Write $P=X^n+a_{n-1}X^{n-1}X^{n-1}+\cdots+a_1X+a_0$. Setting $\alpha=\bar{X}$ and using the laws on the quotient yields $\alpha^n+\bar{a}_{n-1}\alpha^{n-1}+\bar{a}_0=\overline{P(X)}=\bar{0}$, so $\alpha$ is a root of $T^n+\bar{a}_{n-1}T^{n-1}+\cdots+\bar{a}_0\in (K[X]/(P))[T]$

Since $\iota: K\to K[X]/(P)$ is injective , we may abusively identify $K$ with it image in the quotient, and you can consider that $K$ is contained in $K[X]/(P)$, and that $\alpha$ is a root of $P$.

If you don't want to do that, you need to perform a well-known set theoretic trick: set $L=K\cup (K[X]/(P)\setminus \iota(K)$, and note that the union is disjoint.
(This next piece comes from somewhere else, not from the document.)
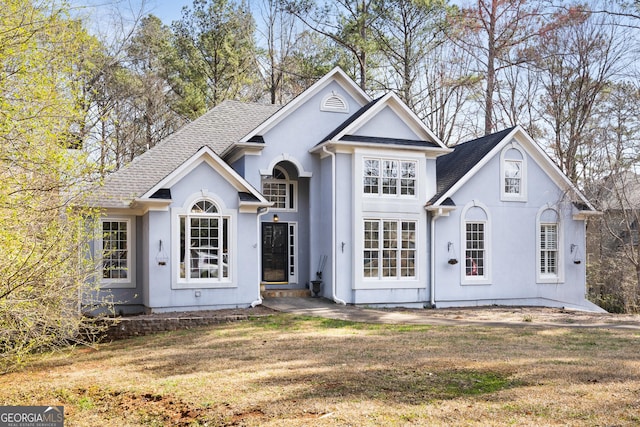 view of front of home with roof with shingles, a front lawn, and stucco siding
Define a bijective map $f: L\to K[X]/(P)$ which is the identity on $K[X]/(P)\setminus\iota(K)$ and wich maps $\lambda\in K$ to $\iota(\lambda)=\bar{\lambda}.$ Then define laws on $L$ using $f$: for all $x,y\in L$, set $x+_L y=f^{-1}(f(x)+f(y))$ and $x\cdot _L y=f^{-1}(f(x)\cdot f(y))$. Then $L$ is a field (tedious but easy) containing $K$, and $\alpha\in L$ is a root of $P\in K[X]$ (for real, this time). It shouldn't be hat complicated to check that $L=K(\alpha)$.

Note that by definition of the laws on $L$ , $f$ is an isomorphism, so $K(\alpha)=L\simeq K[X]/(P)$.
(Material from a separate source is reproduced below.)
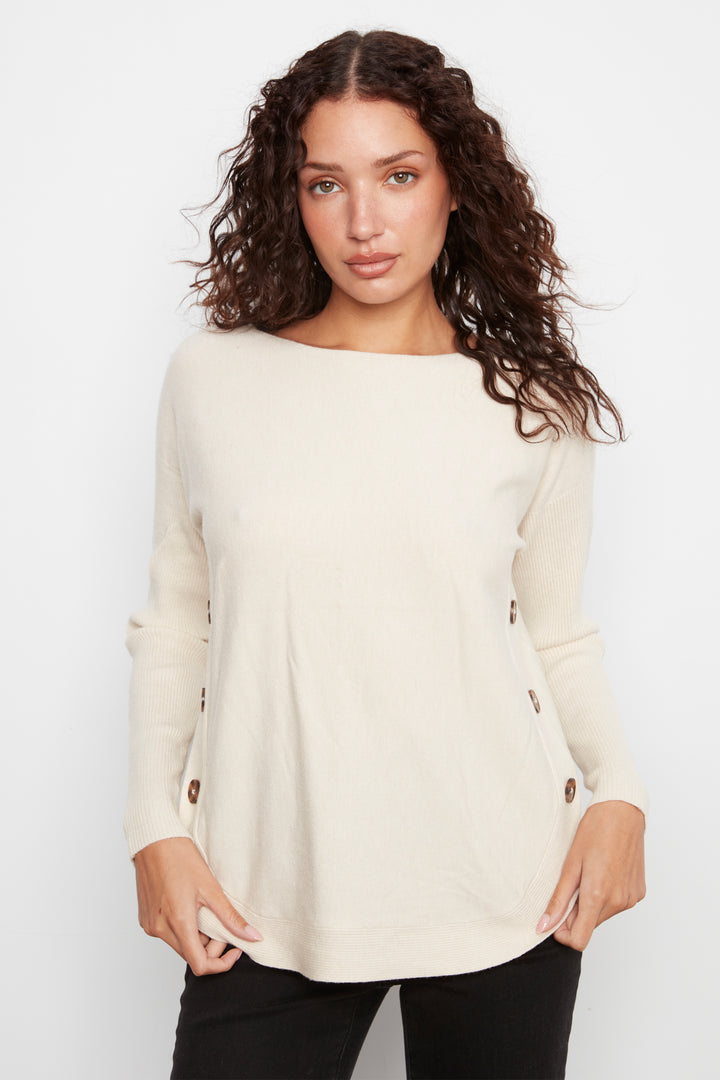 A woman with long, curly brown hair wearing a cream-colored long-sleeve knit top with brown buttons on the sides, paired with black pants, against a plain white studio background.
For the other way round, if $\alpha$ is an element of an algebraic closure of $K$, and $P$ is the minimal polynomial of $\alpha$ over $K$, evaluation $K[X]\to L$ at $\alpha$ induces an isomorphism $K[X]/(P)\simeq K(\alpha)$ via the first isomorphism theorem.

Answer 4

Let $\beta$ be a nonzero element of $L=K[x]/(P(x))$. Then $\beta=f(x)+(P(x))$ for some $f(x)$ in $K[x]$, relatively prime to $P(x)$. Since $f(x)$ is relatively prime to $P(x)$, there are polynomials $g(x)$ and $h(x)$ in $K[x]$ such that $f(x)g(x)+P(x)h(x)=1$. In $L$, this equation is $(f(x)+(P(x)))(g(x)+(P(x)))=1+(P(x))$, so $\beta=f(x)+(P(x))$ is invertible, so $L$ is a field.

Now define $\alpha$ in $L$ by $\alpha=x+(P(x))$. Then $P(\alpha)=P(x+(P(x)))=P(x)+(P(x))=0$ in $L$, so $\alpha$ is a zero of $P(x)$ in $L$.

Answer 5

First of all, since $P(X)$ is irreducible, the ideal it generates is maximal in $K[X]$ (do you know something about ideal theory?), therefore $L:=K[X]/\langle P(X)\rangle$ is a field (see for example this: https://proofwiki.org/wiki/Maximal_Ideal_iff_Quotient_Ring_is_Field). Now call $\alpha$ the class of $X$ in the quotient $K[X]/\langle P(X)\rangle$. We claim that $\alpha$ is a root of $P(X)$ in the field $L$. This is actually an easy computation, from which we derive that $P(\alpha)=0$ in $L$. We have constructed a field $L$ containing a root of $P(X)$. We can say more: we have maps $$K\to K[X]\to K[X]/\langle P(X)\rangle=L\to K(\alpha),$$ where the composition $$K\to L$$ is injective (since it is a nonzero field homomorphism) and the last map $$L\to K(\alpha),$$ which we get from the natural valuation-in-$\alpha$ map $K[X]\to K(\alpha)$ is an isomorphism.